Thank you Fr Andrew for yet another commentary, insightful and compassionate - as expected. I appreciated your reference to Pascal and suspect the four cardinals may willingly identify with him when he wrote to the Jesuits: 'Leave the Church in peace and I will readily and heartily leave you alone; but while you are aiming to stir up trouble... there will be found children of peace who will think themselves obliged to use the utmost exertion to preserve its tranquillity'. Anything for a 'tranquil' Church! Pascal had many talents and virtues - modesty was not one of them.

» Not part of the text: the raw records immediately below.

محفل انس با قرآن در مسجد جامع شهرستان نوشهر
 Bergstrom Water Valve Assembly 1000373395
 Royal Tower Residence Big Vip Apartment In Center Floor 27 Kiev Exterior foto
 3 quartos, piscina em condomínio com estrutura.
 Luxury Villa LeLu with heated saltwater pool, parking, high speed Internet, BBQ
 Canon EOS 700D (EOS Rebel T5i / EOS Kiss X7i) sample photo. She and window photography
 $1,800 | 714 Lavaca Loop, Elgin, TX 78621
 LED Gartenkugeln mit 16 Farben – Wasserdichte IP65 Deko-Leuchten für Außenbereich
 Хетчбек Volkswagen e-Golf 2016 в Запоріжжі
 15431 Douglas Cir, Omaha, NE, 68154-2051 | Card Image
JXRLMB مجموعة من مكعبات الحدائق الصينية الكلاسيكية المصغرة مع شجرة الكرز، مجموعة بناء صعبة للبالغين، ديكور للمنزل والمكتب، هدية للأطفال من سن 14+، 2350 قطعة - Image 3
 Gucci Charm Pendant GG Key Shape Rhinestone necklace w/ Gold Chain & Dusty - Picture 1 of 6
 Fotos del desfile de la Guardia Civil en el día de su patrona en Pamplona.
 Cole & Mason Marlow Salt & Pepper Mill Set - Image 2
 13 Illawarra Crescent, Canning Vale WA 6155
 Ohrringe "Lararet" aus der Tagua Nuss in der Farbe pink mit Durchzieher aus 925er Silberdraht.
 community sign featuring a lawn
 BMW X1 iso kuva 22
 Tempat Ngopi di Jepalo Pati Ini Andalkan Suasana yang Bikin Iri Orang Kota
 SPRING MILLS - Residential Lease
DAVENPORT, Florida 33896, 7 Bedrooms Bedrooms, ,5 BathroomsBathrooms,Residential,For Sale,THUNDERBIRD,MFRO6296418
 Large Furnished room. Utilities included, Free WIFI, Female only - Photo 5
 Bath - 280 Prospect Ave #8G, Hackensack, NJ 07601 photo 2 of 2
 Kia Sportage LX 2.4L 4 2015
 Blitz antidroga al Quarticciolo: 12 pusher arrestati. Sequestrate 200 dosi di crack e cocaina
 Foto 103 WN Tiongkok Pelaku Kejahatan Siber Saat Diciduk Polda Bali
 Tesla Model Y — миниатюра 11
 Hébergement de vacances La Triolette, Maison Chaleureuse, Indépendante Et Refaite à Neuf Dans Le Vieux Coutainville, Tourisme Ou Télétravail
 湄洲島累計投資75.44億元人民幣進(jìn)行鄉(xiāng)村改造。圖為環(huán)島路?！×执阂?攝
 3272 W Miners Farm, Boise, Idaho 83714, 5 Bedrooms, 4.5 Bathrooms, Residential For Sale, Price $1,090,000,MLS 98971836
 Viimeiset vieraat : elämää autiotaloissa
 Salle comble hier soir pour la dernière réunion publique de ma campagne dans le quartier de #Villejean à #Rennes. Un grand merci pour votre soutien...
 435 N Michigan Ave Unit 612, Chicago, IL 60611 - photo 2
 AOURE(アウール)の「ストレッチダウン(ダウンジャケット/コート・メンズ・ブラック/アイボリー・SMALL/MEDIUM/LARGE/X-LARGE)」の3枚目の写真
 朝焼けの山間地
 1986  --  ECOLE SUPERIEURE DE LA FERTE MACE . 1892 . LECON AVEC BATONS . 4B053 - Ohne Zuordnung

John Nicholson | 25 November 2016  

If the person, who is psychologically unable to make the commitment to marriage, does not want an annulment then their partner cannot get one. They should not be excluded from communion. My marriage was only annulled because my ex released his medical history. Other people knew of the annulment before i did..

Name | 25 November 2016  

“When he speaks of the great joy and energy that comes from knowing yourself to be a sinner who is loved by God and chosen to share that joy with others…” – sharing that joy while still being a sinner or, in that moment of sharing, as a repentant ex-sinner? “… he echoes Augustine's experience. In moral decision making, too, he may resonate with Augustine's aphorism: 'love, and do what you will'.” Love whom while doing what you will, God (with the panoply of requirement to love “with all your heart and with all your soul and with all your mind”) or your neighbour (with the somewhat lesser requirement to love as yourself)? Why can’t you love God as yourself? Why is it that you, apparently, have to stretch your mind to love God? Are the dubia of the cardinals mind-stretchers in the process of loving God?

Roy Chen Yee | 25 November 2016  

It seems to me that these clarifications and debates should have been undertaken prior to release of Amoris Laetitia. Unity have been lost somewhere and both sides are concerned with pastoral care. Would someone take responsibility...please!